A key distinguishing feature of an online course is that communication can often occur via the written word. Because of this the body language, voice, tone, and instantaneous listener feedback of the traditional classroom might be absent. Even when classes are live and include video features, it is still important to consider the following information when contributing messages to a discussion and when reading them:
- Respect others and their opinions. In online learning, students from various backgrounds come together to learn. It is important to respect their feelings and opinions though they may differ from your own.
- Consider others’ privacy. Ask for permission if you want to forward someone’s email messages to third parties. Keep in mind that all private email is considered copyrighted by the original author.

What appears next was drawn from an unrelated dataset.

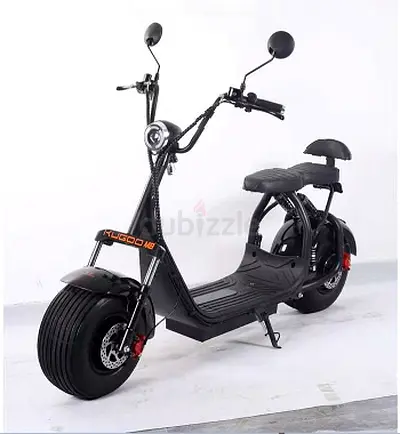 CityCoco Kugoo M8 Electric Scooter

- Pick the right tone. Since we depend on the written word in online learning, it is especially important to choose the right words to get your meaning across. For example, sarcasm is harder to detect when you read the words rather than hearing them.
- Be forgiving. If someone states something that you find offensive, mention this directly to the instructor. Remember that the person contributing to the discussion might be new to this form of communication. What you find offensive may quite possibly have been unintended and can best be cleared up by the instructor.
- Think before you hit the send button. Think carefully about the content of your message before contributing it. Once sent to the group there is no taking it back. Grammar and spelling errors reflect on you and your audience might not be able to decode misspelled words or poorly constructed sentences.
- Brevity is best. Be as concise as possible when contributing to a discussion. Your points might me missed if hidden in a flood of text.
- Stick to the point. Contributions to a discussion should stick to the subject. Don’t waste others’ time by going off on irrelevant tangents.
- Do not type in all caps. Typing in caps is considered shouting or screaming online. Various studies on the topic reflect that it is more difficult and takes longer to read text that is typed in all caps.